There are different ways to "work your way up".
1. start with slow speed with correctness. You then increase speed and maintain your correctness.
2. start with fast speed with partial-correctness. You then maintain your fast speed and improve your correctness.
IMO, 2 > 1.
It doesn't matter which approach that you may take, in 10 years, you may get the same result with fast speed and correct technique. The difference is you may get different result in the initial 3 years. After 3 years, if you take the
- 1st approach, you will have 100% good technique with not quite good speed.
- 2nd approach, you will have good speed with not quite good technique.
There is a good reason that all tests such as TOEFL, SAT, GRE, IQ, .... all require to finish within certain amount of testing time. Before I did my formal TOEFL test, I had taken more than 100 old TOEFL tests at home. When I took those old tests at home, I forced myself to finish those tests all within the same amount of testing time. My testing score could be much higher if I could add more testing time into it. But that will not be my true testing score.

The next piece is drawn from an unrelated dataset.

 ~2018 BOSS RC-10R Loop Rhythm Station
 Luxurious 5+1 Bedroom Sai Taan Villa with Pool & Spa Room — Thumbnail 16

IMO, the difference between a scholar and a MA guy is:
- When a scholar takes his 10 questions test within 2 hours testing time, he can start from question 1, question 2, ... If he has problem with question 4, he can skip it, go to question 5, and then question 6, ... After he has finished question 10, he can then come back to question 4.
- When a MA guy tries to deal with a knife that stabbed toward his chest, he has only 1/4 second to deal with it. If he fails, he will die.
Because the nature of MA, the "speed training" is important. Too many people start with "slow training" and end with "slow training". All their lives, they have never even started their "fast training". They may say that the reason they are still training slow is because they are not perfect yet. The question are:
- How perfect is perfect?
- When will you switch your "slow training" into "fast training"?